Parallèlement, il apprend à jouer de la guitare. Mais l’expérience musicale naissante tourne court. Suite à une altercation avec son professeur de sciences naturelles, il doit redoubler la classe de 1ère. Frustré par cette décision, le musicien en herbe préfère retourner dans son Mbacké natal plutôt que de reprendre la classe. « Je n’avais plus la motivation pour continuer les études, je me sentais freiné dans mon élan alors que je me débrouillais bien en classe », souligne-t-il. de retour chez lui, le futur folk singer met entre parenthèses sa passion musicale.
Dorénavant, l’urgence, pour lui, c’est de trouver un boulot. Histoire de soutenir son père dans les charges de la maison. de petits métiers en petits métiers, il finit par atterrir à Dakar en 1997. En bon Baol-Baol, il s’investit dans le petit commerce.
Yoro Ndiaye est marchand ambulant jusqu’à ce que la semaine nationale de la jeunesse de cette année-là le tire de la rue. « Je suis retourné à Diourbel pour participer à une sélection pour la semaine de la jeunesse. J’ai été retenu pour accompagner l’orchestre de Bambey qui devait représenter la région de Diourbel. C’est alors que j’ai décidé de m’installer définitivement à dakar », raconte-t-il.
Yoro réussit à décrocher un boulot de serveur à titre temporaire au club Med. dans ce réceptif hôtelier, où se tiennent souvent des Garden party, il ne rate pas l’occasion de proposer son talent de chanteur. il est même sollicité pour bercer, de sa voix suave, les clients du bar de l’hôtel. sans le savoir, sa carrière vient véritablement de démarrer. son groupe commence à se former et les premières productions tombent.
Le rythme s’accélère.

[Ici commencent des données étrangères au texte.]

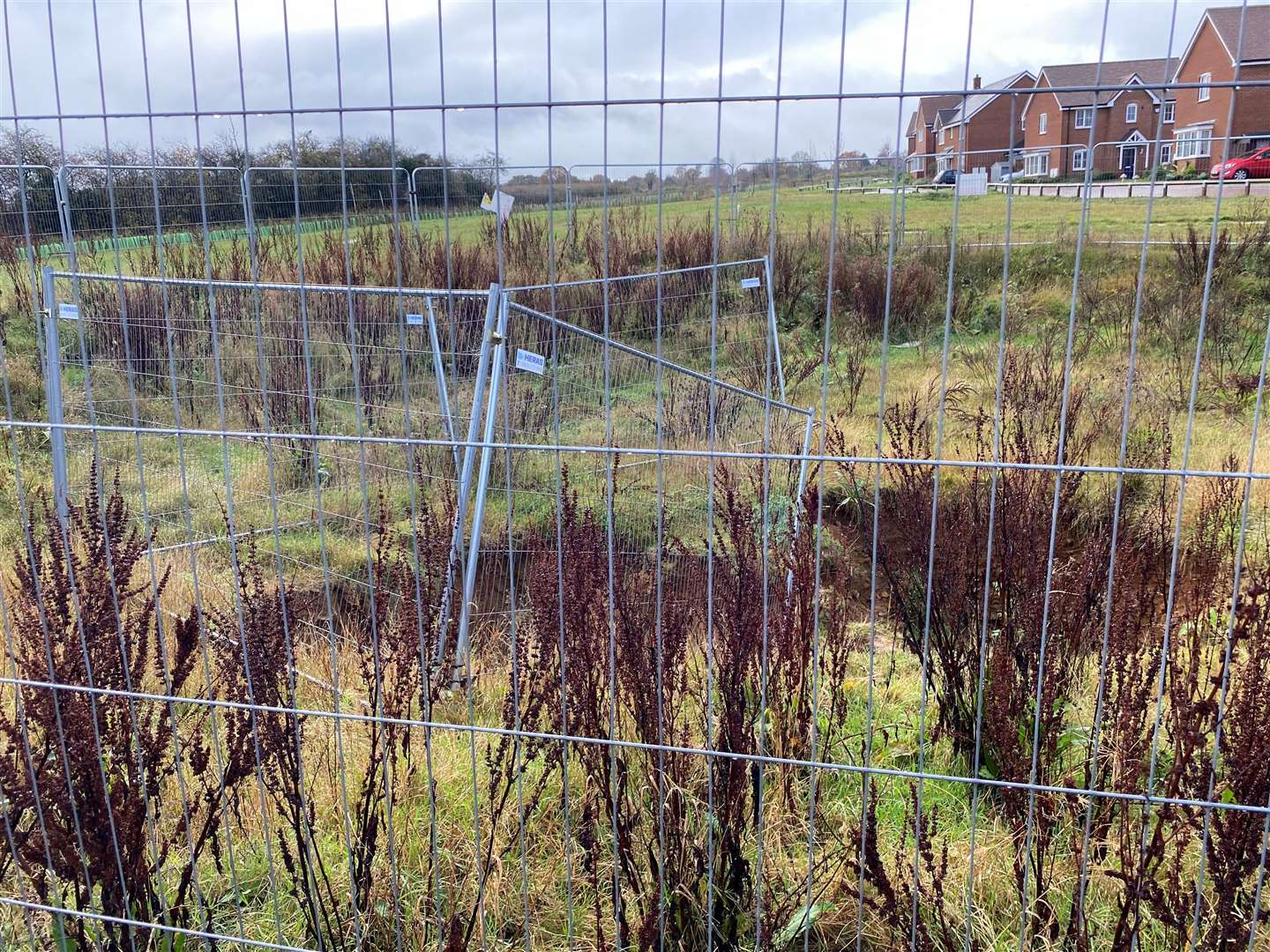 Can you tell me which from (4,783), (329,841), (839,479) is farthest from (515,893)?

Yoro et sa bande commencent à assurer les premières parties des prestations de Youssou Ndour et participent à la compilation Sénégal Folk des Frères Guissé. avec cet opus, l’enfant de Mbacké vient de faire sa première apparition publique. dans la foulée, en 2004, son premier album sort sur le marché avec ce titre révélateur de l’ambition qui le brûle : « Beugueu dem » (littéralement envie d’y aller).
ARTISTE AUTO-PRODUCTEUR
Depuis, Yoro Ndiaye ne cesse de se frayer son propre chemin. Même s’il consent qu’il lui reste encore beaucoup de chemin à parcourir pour atteindre ses objectifs. A « Beugueu dem », se sont ajoutés deux autres albums : « Nit » et « Lamisso ». en dix ans, il a réussi à trouver son public à travers des tubes comme « Xarit », « Bakhiya », « Bella », etc. en plus d’être l’un des meilleurs folk singer de la place, il a acquis une ouverture sur l’international.

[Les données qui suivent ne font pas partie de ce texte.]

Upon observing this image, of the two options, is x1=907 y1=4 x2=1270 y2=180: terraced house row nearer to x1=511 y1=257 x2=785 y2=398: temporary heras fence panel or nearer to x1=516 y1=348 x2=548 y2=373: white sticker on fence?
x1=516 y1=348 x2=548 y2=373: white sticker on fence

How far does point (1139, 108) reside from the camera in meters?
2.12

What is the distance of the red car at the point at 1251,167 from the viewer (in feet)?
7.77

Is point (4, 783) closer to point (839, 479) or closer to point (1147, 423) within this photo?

La particularité des albums de Yoro Ndiaye, ils sont tous des autoproductions. Une performance dans un contexte où même les artistes qui ont de grands producteurs peinent parfois à se faire une place sur la scène musicale. « Je n’ai jamais été produit. Au début, ce n’était pas évident, d’autant plus que je n’étais pas dans un label de renom, ni dans une famille riche pour pouvoir le faire. Mais j’ai cru en moi. C’est un grand honneur pour moi qu’on me cite parmi les artistes les plus connus au Sénégal », confie-t-il non sans une once de fierté dans la voix.
Pour Yoro Ndiaye, l’autoproduction est plus une option qu’un défaut de producteurs. Des demandes de collaboration, il en a reçues une tonne et continue d’en recevoir, mais, dit-il, pas question de se voir fermer dans un carcan sans soupirail. et pour cause : « J’ai plus de liberté par rapport à ce que je veux faire, mon expression artistique est totale et plus libre ».

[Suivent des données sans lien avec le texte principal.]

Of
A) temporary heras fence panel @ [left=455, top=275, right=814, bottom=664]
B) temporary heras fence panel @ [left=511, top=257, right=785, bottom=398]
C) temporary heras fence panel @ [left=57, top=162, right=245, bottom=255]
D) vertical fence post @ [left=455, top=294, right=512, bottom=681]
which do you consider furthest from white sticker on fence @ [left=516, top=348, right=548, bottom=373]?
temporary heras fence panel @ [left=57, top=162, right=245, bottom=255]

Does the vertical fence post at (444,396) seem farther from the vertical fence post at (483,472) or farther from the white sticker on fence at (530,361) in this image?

Aujourd’hui, celui qui a tour à tour subi les influences musicales de Youssou Ndour, Ismaëla Lô, Seydina Insa Wade, Salif Keïta, Habib Koïte mais surtout de Lukwa Kanza, ambitionne d’aller le plus loin possible avec son style musical fait de rythme folk avec en fond sonore de petites notes de mbalakh.
Polygame et père d’un enfant, Yoro Ndiaye est arrivé à se forger une image de « sérieux » dans ce milieu de la musique où les tentations ne manquent pas. Loin de s’ériger en donneur de leçons, il préfère se mettre en retrait de tout ce qui est frasques et fracas. C’est comme ça qu’il a conquis son public, c’est comme ça qu’il entend poursuivre son chemin. Tout en douceur, comme ses chansons.